Friday, June 26, 2009
Amongst the messy history of Australian Rock and Roll it’s rare to find a band who get to the point and nail that point all the way the fuck home as convincingly as The Dacios; clarity, volume, ferocity, a hard-earned swagger and a complete absence of posing or conforming.
If The Dacios did give a shit about ‘making it’ or proving something they wouldn’t have waited four years to make this 7-track album, despite the rousing and numerous gigs that have built them a small following around Melbourne. Not to mention the core members’ previous incarnation in the Bikinikill-upstaging Little Ugly Girls. The irony here is that it’s taken the band this long to sound this fresh and effortless but they haven’t been wasting time; they’ve been distilling.

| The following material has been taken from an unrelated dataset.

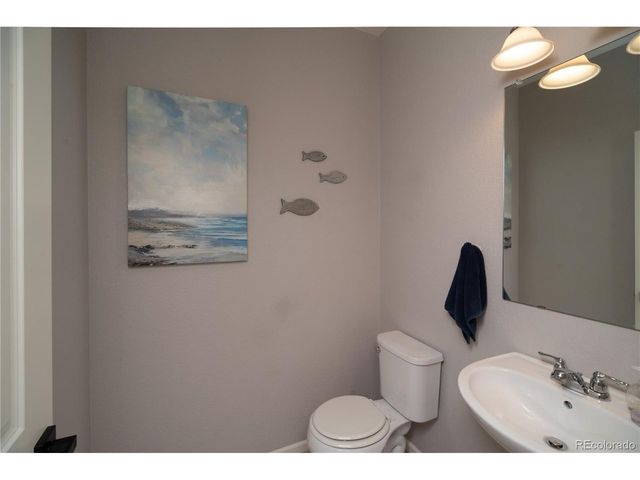 15280 W 69th Cir A, Arvada, CO 80007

Monkeys Blood finds The Dacios sounding as if a young Jason Spaceman had drunk beer instead of taken drugs, replaced an orchestra with a pissed-off Patti Smith and got to the point. If the point of rock is riff and attitude, then Monkey’s Blood steamrolls any competitors, finding the core of both and bringing it to you at a volume and brevity that’s formidable. Yes Linda J howls, but she howls lyrics like “I’ll make you shake and you shiver / Gonna see you in hell / Said the girl in the mirror” as well as building characters and stories like opening track Liberty’s Lovers, which indicate a poet’s attention to detail.
The sureness of the band’s playing and its execution of these songs is likely to be inspiring envy in lesser bands that wouldn’t want to know it takes fraternal bonds and a lot of rehearsals to sound this good. It’s hard to overstate the impact of Linda J’s vocals, their clarity, depth and versatility inherent in the quieter parts as much as outbursts like Grey Machine and Monica.
Being a killer album by a bunch of promo-shy Tasmanians it’s no surprise to find The Nation Blue’s Tom Lyngcoln pushing this behemoth of a band to your attention via his Solar/Sonar label. Seven tracks may seem a poor payoff for this long playing pubs and jamming, but when it’s these seven songs, you can forgive them for anything. In a fair world, The Dacios would be opening for another fraternal riff machine, AC/DC.
By taking that apostrophe out of the title, you get more blood. Less is more.